Phyllis Burrows Turnbull, more commonly known in Spain as Miss Fillis, was a professor in Department of Spanish at Bryn Mawr College, and the creator of the “Center for Hispanic Studies” of Bryn Mawr College. Turnbull was romantically linked to Spanish writer Gloria Fuertes, with their relationship lasting 15 years. The two met when Turnbull was Fuertes’ English teacher, and Turnbull would later assist Fuertes in becoming a Fulbright scholar. Their love was such that Fuertes never fully recovered from the blow of her death, mourning her until her own dying days.
This is a very short route, with really only two specific stops. One is inside Madrid and the other is outside. In theory, it can be done via public transportation if you have the time, patience and motivation.
The route starts at Calle de Miguel Ángel in Almagro, Chamberí where the couple meter. It continues to Lavapies, where the Turnbull lived with Gloria Fuertes.
You could drive this but really not worth it given city traffic. The best option is either to take the number 27 bus or line 1 of the metro. The metro requires a bit of a walk either way. As the couple lived in the barrio of Lavapies, it is worth spending time there and exploring it.
After you’ve gotten a good feel of Lavapies and seen some of the places featured on the Ruta de Gloria Fuertes Lavapies, the route continues north to Soto del Real. The town has a population of around 9,000 people and is at an elevation of 921 meters. It is bordered by Manzanares el Real in the west, Miraflores de la Sierra to the east, Rascafría to the north and Colmenar Viejo to the south. It is about a 45-minute drive from Lavapies depending on the route and traffic. The M-607 route avoids the worst of urban driving. The most direct route using public transit is to take the C4 train from the Sol Cercanais station to Colmenar Viejo, and then getting off and picking up the 720 Interurbano bus. Each leg is about 40 minutes. Calle Señorita Phyllis B. Turnbull is a short 5 minute walk from the bus stop.
See in Madrid
Lavapies is a historic ward in the barrio of Embajadores. Starting in the 1970s and accelerating into the 1990s, it became the neighborhood of lesbians in Madrid, the lesbian equivalent of Chueca. Lesbians were attracted to the barrio because, unlike Chueca, it was often much more affordable to live in; this was important as lesbians have historically had less purchasing power in Spain than our gay male counterparts. It is in this barrio that Gloria Fuertes spent her youth and parts of her adult life. It was a place where, because Francoism was not very concerned with female homosexuals, Fuertes could walk hand in hand with her American girlfriend Phyllis Turnbull without attracting undue attention. While Fuertes sometimes lived elsewhere, she often revisited it in her writing in the 1950s, 1960s and 1970s. People in the ward are very proud to claim Fuertes, and often celebrate historic anniversaries related to the author. Guided tours of Lavapies with a focus on the author are offered by various guides.

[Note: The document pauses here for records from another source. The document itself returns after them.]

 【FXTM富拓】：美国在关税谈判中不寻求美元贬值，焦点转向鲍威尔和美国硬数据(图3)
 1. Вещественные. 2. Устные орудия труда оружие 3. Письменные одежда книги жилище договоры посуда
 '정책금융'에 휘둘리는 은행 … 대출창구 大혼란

Instituto Internacional de Madrid was a school in the barrio of Almagro. They finished construction on their Boston building, located on Calle de Miguel Ángel, in 1910; funds were initially raised for its construction in January 1903. The first director was Wellesley graduate Susan Huntington, and the school developed a close relationship with Residencia de Señoritas and the Instituto-Escuela. Among its students was Elena Fortún, who studied library science. Another student was Gloria Fuertes, who enrolled in 1953 to study English and library science. There, in 1955, she met Phyliss Turnbull, one of her English teachers. Their meeting started a 15-year relationship between the two, only ending in 1970, a year before Turnbull’s death in 1971.

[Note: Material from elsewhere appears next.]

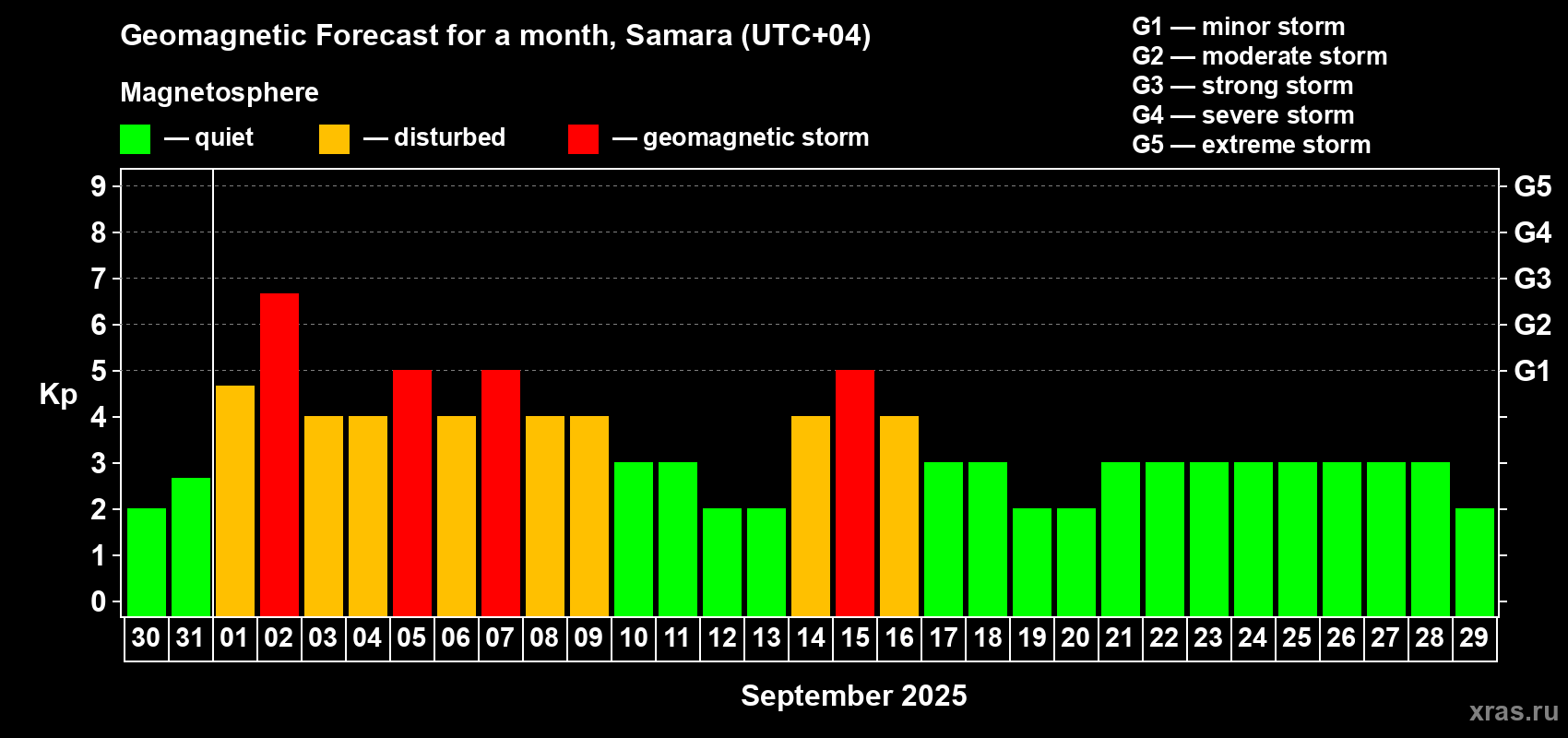 Forecast of the daily maximal value of geomagnetic index Kp for <b>1 month</b> (31 days) <b>from Aug 30, 2025 to Sep 29, 2025</b>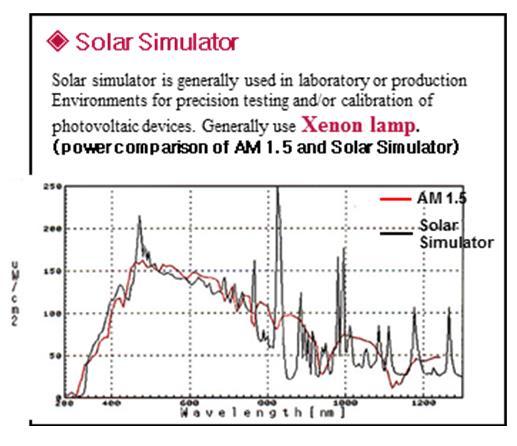 Figure 4: Light spectral Power (AM1.5) compared to Solar Simulator power P [W] Pmax vs. Voltage configuration Saturn400 @ 500 Lux HALOGEN light Volt 0.0 1.0 2.0 3.0 4.0 5.0 6.0 7.0 8.0 0.0E+00-1.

See in the Comunidad de Madrid
During the 1960s, Gloria Fuertes and Phyllis Turnbull shared a house in Soto del Real. They had commissioned the house’s construction by Matilde Ucelay, the first Spanish woman architect. Turnbull had introduced Fuertes to the Fulbright Scholarship which allowed the couple to spend three years together in the United States. These years were some of the happiest for both women. When her scholarship ended, the couple returned to Soto del Real. The return though caused a rupture in the couple’s relationship, with periods of separation. Despite these ruptures, they always remained in contact. It was during one of these breaks that Turnbull died of cancer. Fuertes was heartbroken and lost a lot of weight in the year following her death. Following her death, Fuerte’s new philosophy in life was “La vida es una mierda de vaca de la que tenemos que hacer un pastel de manzana” which translates to “Life is cow shit from which we have to make an apple pie.” Fuertes was so depressed that she wrote that she contemplated suicide, “Fui al metro decidida a matarme, pero al ir a sacar el billete ligué, y en vez de tirarme al tren me tiré a la taquillera.” This translates to “I went to the subway determined to kill myself, but when I went to get the ticket I flirted, and instead of jumping on the train I threw myself at the ticket office. “
Calle Señorita Phyllis Turnbull is a street in the municipality named after the American academic and writer Phyllis B. Turnbull. She spent many years in Madrid, and was the long time love of Gloria Fuertes. The street was renamed in her honor in the 1990s.